"On est tous le boomer de quelqu'un d'autre."
Si je vous dis « Death-Metal technique, complexe, chaotique et dissonant qui puise ses influences chez Gorguts et vient de Nouvelle-Zélande », vous allez forcément me répondre Ulcerate… mais désormais il faudra dire « mais pas que ». Comme on dit, « a challenger appears » car Ulcerate bien qu’intouchable devra désormais composer avec un compatriote qui chasse sur ses terres de manière plutôt prometteuse. Setentia nous vient donc d’Auckland également (!) et existe depuis 2009, l’année où Ulcerate a sorti Everything Is Fire. Après une démo limitée à 50 copies et vendue à leurs premiers concerts, le sextette (dont trois guitaristes et deux vocalistes !) sort son premier full-length intitulé Darkness Transcend en mars 2016, en guise de simple autoproduction digitale sur bandcamp. Seuls les auditeurs les plus méticuleux sont donc tombés sur cet album mais heureusement, Setentia ne restera pas bien longtemps confiné à l’underground digital de l’Internet. C’est le label bien en vogue Blood Music qui repèrera le combo néo-zélandais, et se charge de ressortir et de presser Darkness Transcend en novembre 2016 (… en faisant virer la première édition de bandcamp au passage). La première étape avant Willowtip, Relapse, puis la gloire ? On le souhaite à ce groupe qui, disons-le d’emblée, a largement les moyens de faire aussi bien qu’Ulcerate.

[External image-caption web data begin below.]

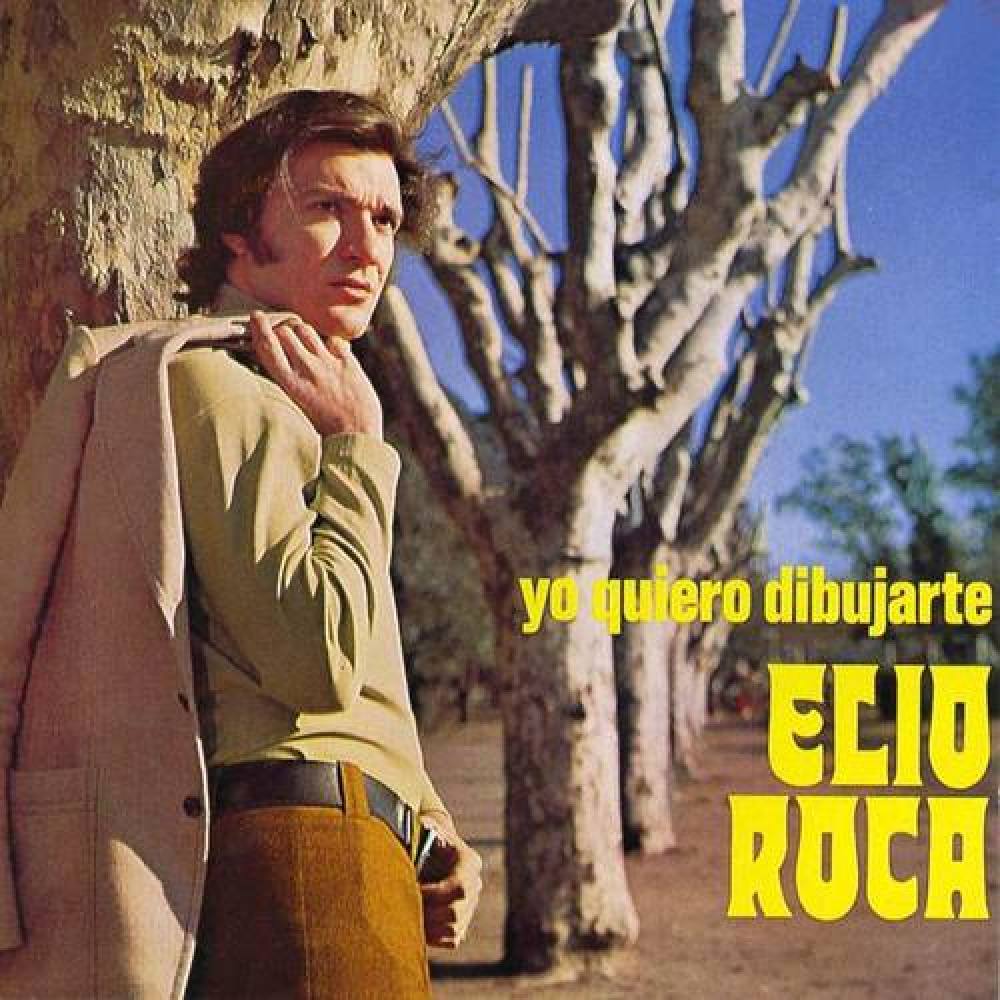 Elio Roca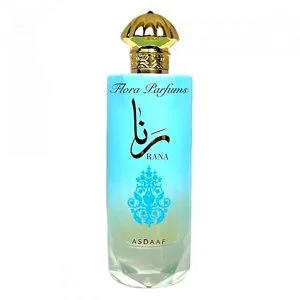 Asdaaf Rana U Agua de Perfume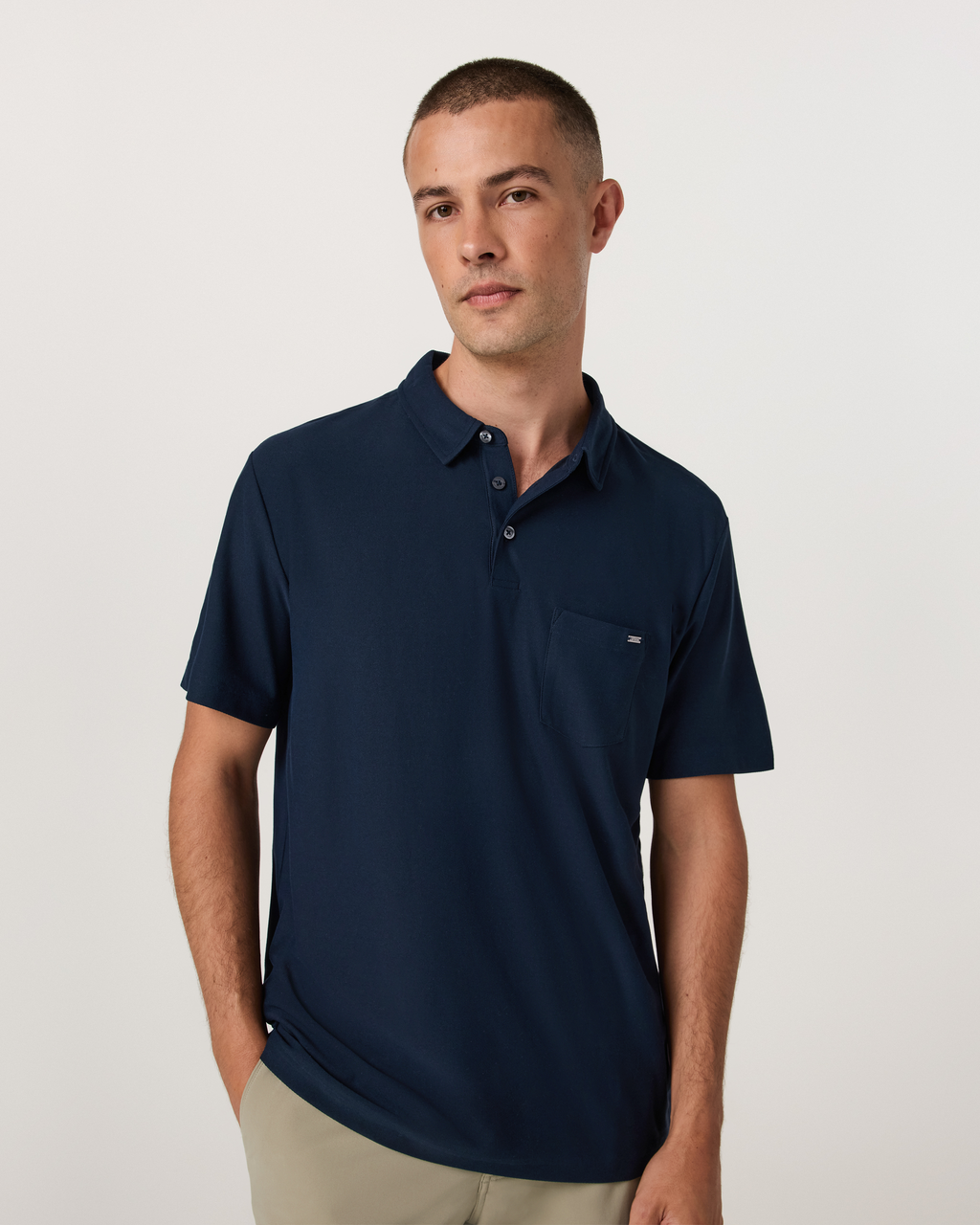 Ace Polo | Ink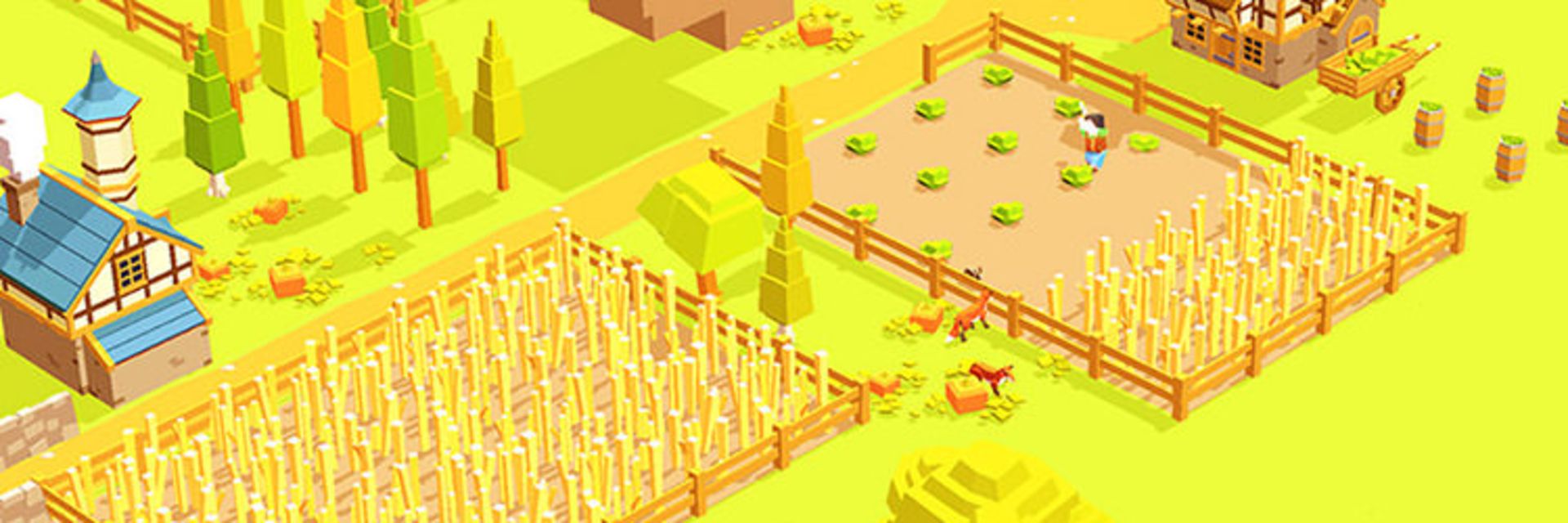 بازی Pocket Build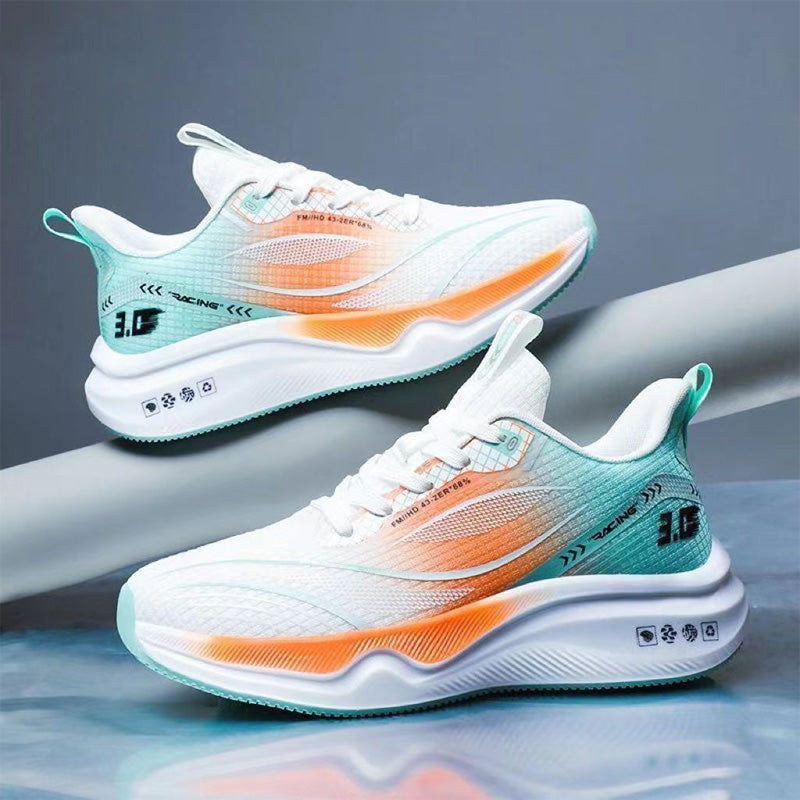 👟Andningsbara stötdämpande  fritidsskor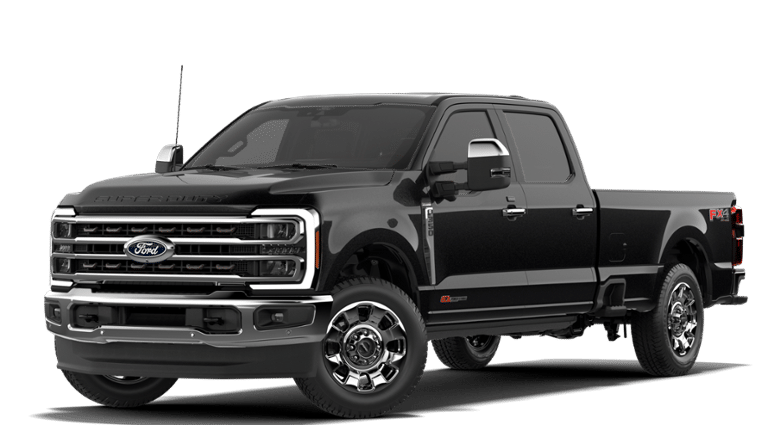  Ford F-350SD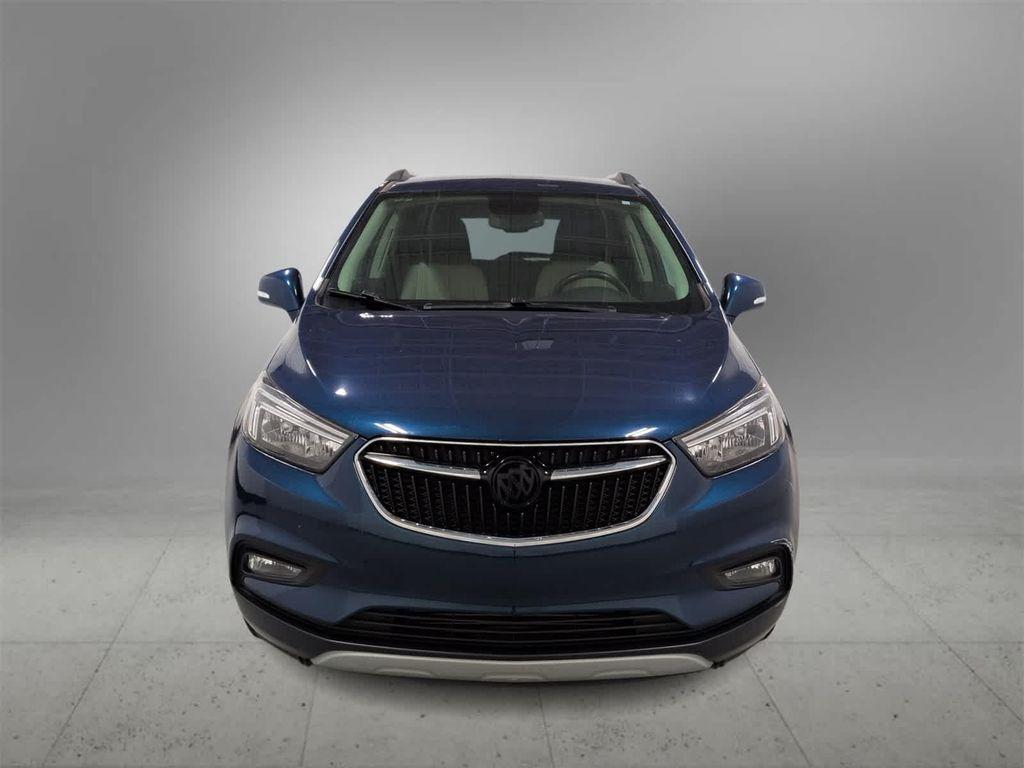 used 2019 Buick Encore car, priced at $14,768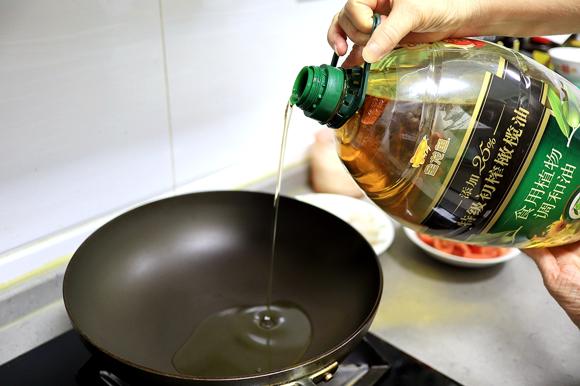 清脂清肠提高免疫力的食谱冬瓜烧香菇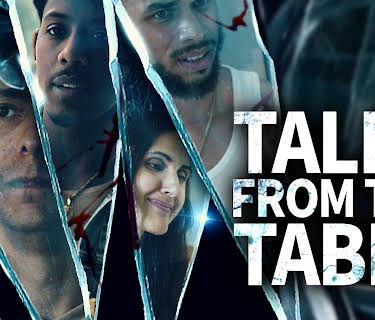 Tales from the Table (2025)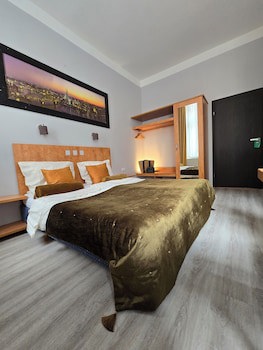 City Hotel Storch galeri fotoğrafı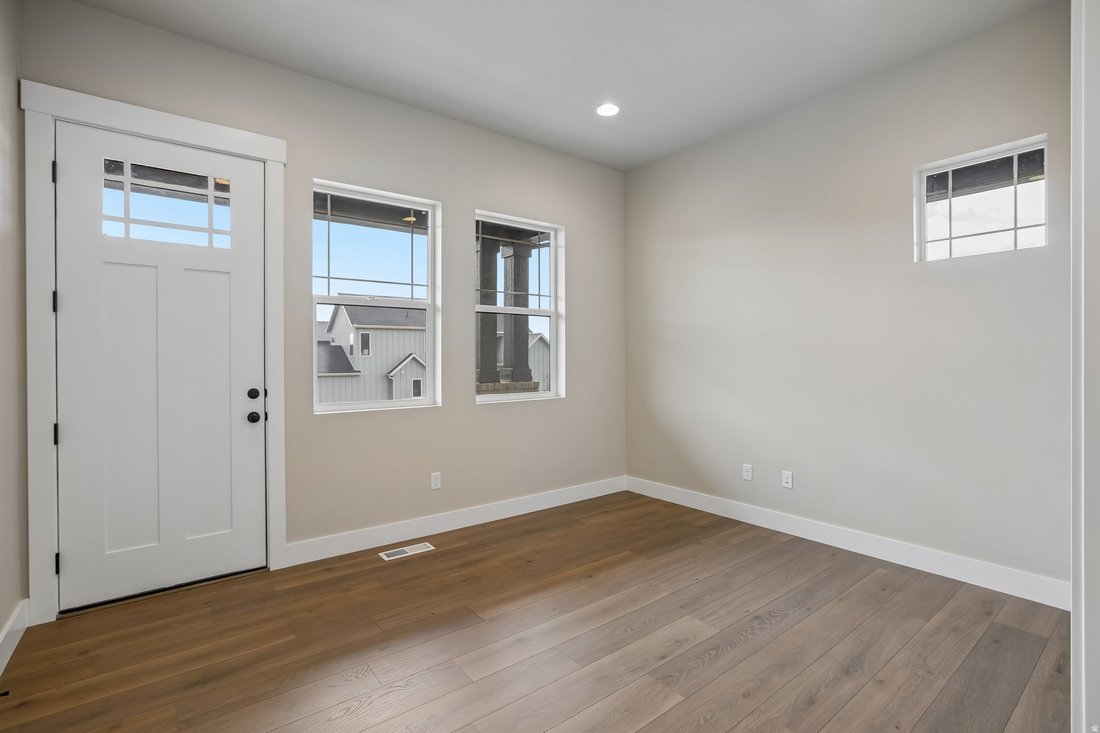 House in West Jordan, Utah, United States 5 - 18535103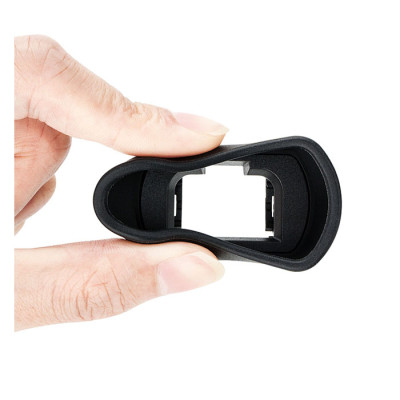 JJC očnice Sony KE-EP18L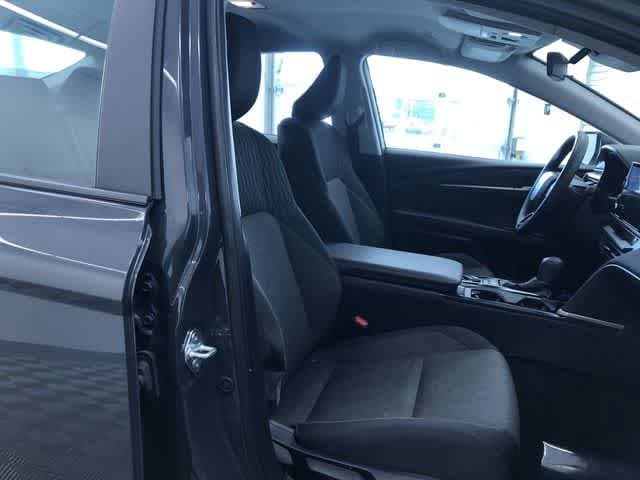 Thumbnail: 2025 Toyota Camry - 23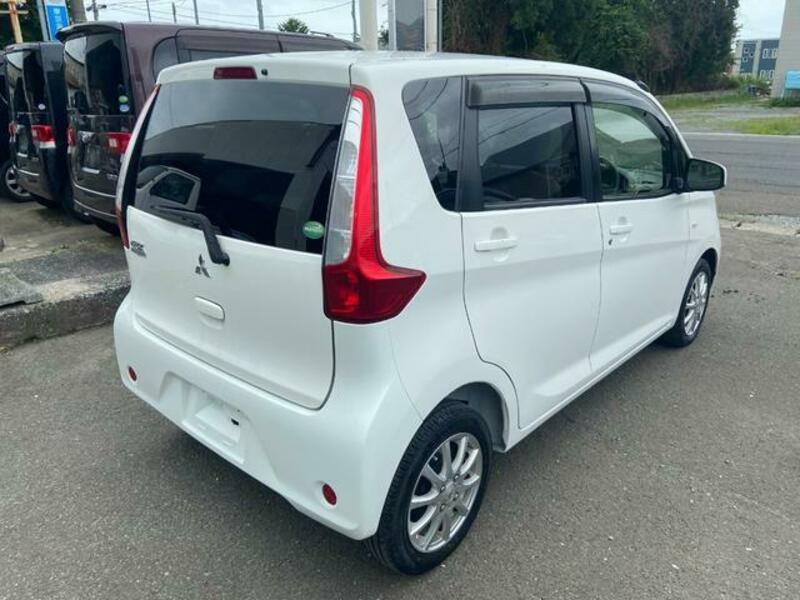 EK WAGON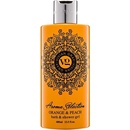 Vivian Gray Aroma Selection Orange & Peach sprchový a kúpeľový gél 400 ml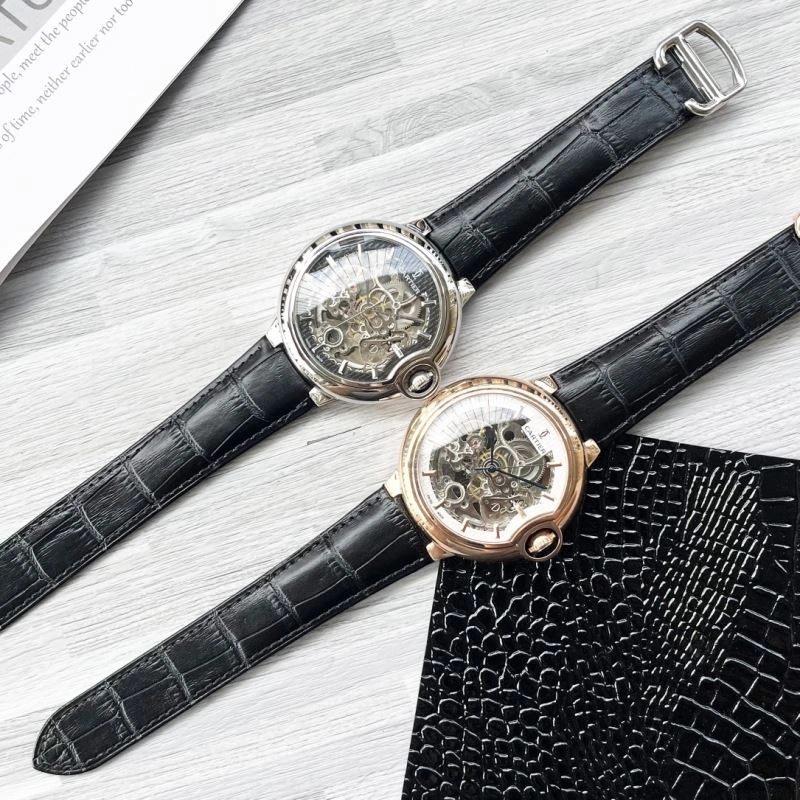 CARTIER Watches SoftTouch 179126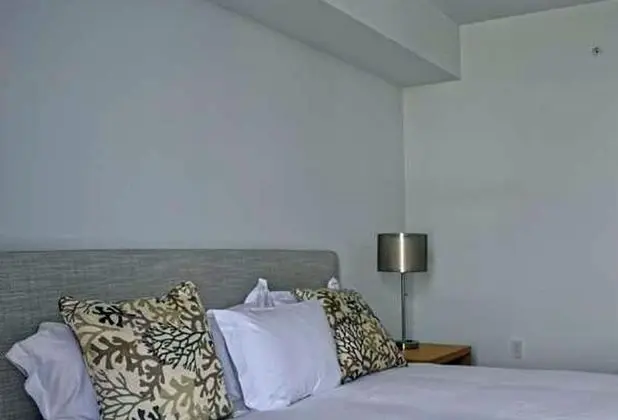 Design Apart Daire, 1 Yatak Odası, Kanal Manzaralı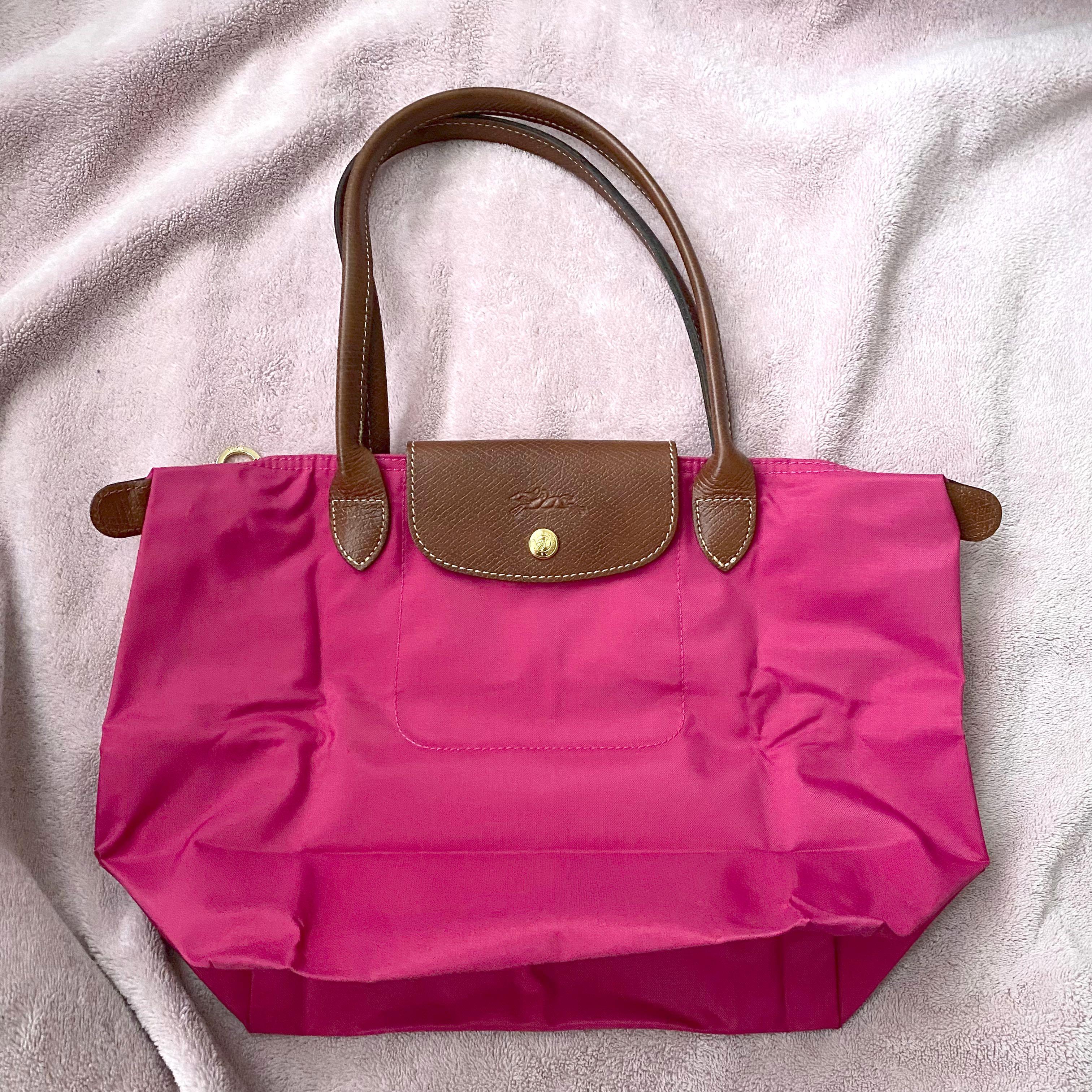 Longchamp Le Pliage Neo, Women's Fashion, Bags & Wallets, Tote Bags on  Carousell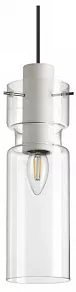 Подвесной светильник Odeon Light Scrow 5057/1B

Alors bien sûr, il va falloir un peu jouer au jeu des 7 différences car Setentia n’est pas non plus un clone ni une copie-conforme (on a déjà vu « pire » dans le genre photocopiage), mais le style global et la provenance géographique nous facilitent la tâche. Rien que la pochette nous donne déjà une idée de la bestiole. D’ailleurs vu qu’on aperçoit un poulpe, à l’instar d’Ulcerate, nous avons aussi affaire ici à un batteur-poulpe en la personne de Hugo Gravelle, et même s’il n’est pas (encore) capable d’avoir la même fréquence coups de cymbale / seconde que Jaime Saint-Merat, il y a du talent dans ces baguettes. Cela va donc ajouter du crédit au Death-Metal forcément technique et complexe de Setentia. Je vous ai dit que le groupe a été formé lorsque ses « cousins » ont sorti Everything Is Fire, ça tombe bien c’est de cet album d’Ulcerate que se rapproche plus Darkness Transcend. A savoir que l’agressivité et l’efficacité Death-Metal prend souvent le pas sur les ambiances, ce qui nous donne un album assez cossu et percutant dans l’ensemble. Mais les ambiances terreuses et ténébreuses sont aussi de la partie. A la différence que plutôt que des dissonances Gorgutsiennes, Setentia choisit de mettre en avant des leads assez épiques lorsqu’il s’agit de mettre l’emphase sur les mélodies. Cela nous donne d’ailleurs de menus solos ("Throne of Thorns", "Seeds of Death (Departure)", "Seeds of Death (Remembrance)", "The Fruit of Life") que l’on ne croise pas forcément chez Ulcerate. Malgré sa pochette morbide et son côté tout de même massif, Darkness Transcend est donc un chouïa plus lumineux que n’importe quel album d’Ulcerate. Si le combo d’Auckland est indéniablement à rapprocher de… de l’autre combo d’Auckland, il a néanmoins un soupçon de personnalité qui fait toute la différence et va faire de Darkness Transcend quelque chose qui va réussir à aller un peu plus loin qu’un album « à la manière de ».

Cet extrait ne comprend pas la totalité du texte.